# We have Shaun Livingston... Oh Yeah!



## f22egl (Jun 3, 2004)

Seems like Javaris Crittenton except he can make the behind the back pass.


----------



## Ben (Nov 7, 2006)

Keep him healthy and meh, he can be useful.


----------



## Dre (Jun 20, 2003)

Pretty sad when you can literally pick someone up off the street and he's your best passer off the break. If they keep him and he improves his jumper in the offseason I wouldn't mind starting him at 1 and putting Arenas at 2.


----------



## f22egl (Jun 3, 2004)

He didn't look too good in the 2nd half with Jamal Crawford matchup. Crawford played off the ball which limited Livingston's ability to get to the rim. Crawford also converted two 3 pointers and was able to shake and bake Livingston a few times. 

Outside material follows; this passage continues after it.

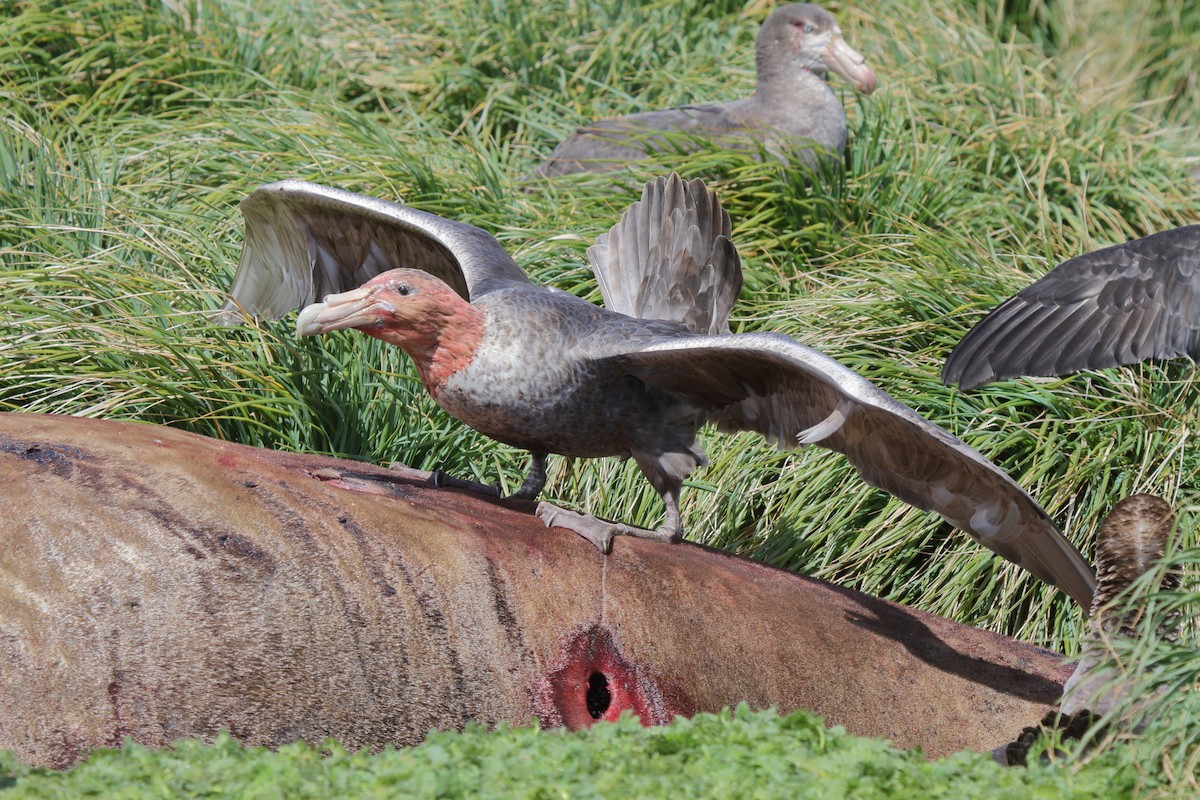 オオフルマカモメ - ML644522285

I think Livingston is too much of a liability offensively to start. He is 24 years old so he could improve but he really hasn't improved his jumper that much since he's been in the league.


----------



## BlakeJesus (Feb 1, 2006)

In his defense f22egl, he did have a pretty serious setback with that injury. I wouldn't blame his lack of progression as a player on inability, at least not yet.


----------



## f22egl (Jun 3, 2004)

And he's starting. BTW, in the last game he had 18 points and 8 assists in 20-21 minutes.


----------



## f22egl (Jun 3, 2004)

In his first start against Utah, he goes 3-8 for 6 points, 3 rebounds, *0 assists*, 1 turnover, 2 blocked shots. 



GregOden said:


> In his defense f22egl, he did have a pretty serious setback with that injury. I wouldn't blame his lack of progression as a player on inability, at least not yet.


To be fair, Livingston didn't have a reliable jumper before the injury. I suspect other aspects could improve with more playing time and if he regains some of that athleticism he had pre-injury. He's also working with Sam Cassell, an assistant coach of the Wizards, who was his teammate when he was on the Clippers.


----------



## Knick Killer (Jul 16, 2006)

You guys must really be aiming for the first overall pick.


----------



## TYO23 (Feb 2, 2009)

How has he looked for you guys so far? Do you think he will be a wizard next year?


----------



## Wade County (Jun 22, 2003)

Playing well right now.

21, 5 and 8 with 0 turnovers right now on 9-11 shooting.

Last 5: 13, 3 and 6.


----------



## Dre (Jun 20, 2003)

I don't see why he shouldn't be kept around because at that point he'd be the second best PG on the team, and if he could develop a jumper he could push Arenas to the 2.

You have to understand he's spent a lot of the time players his age spend on their jumper just trying to get back to square one.


----------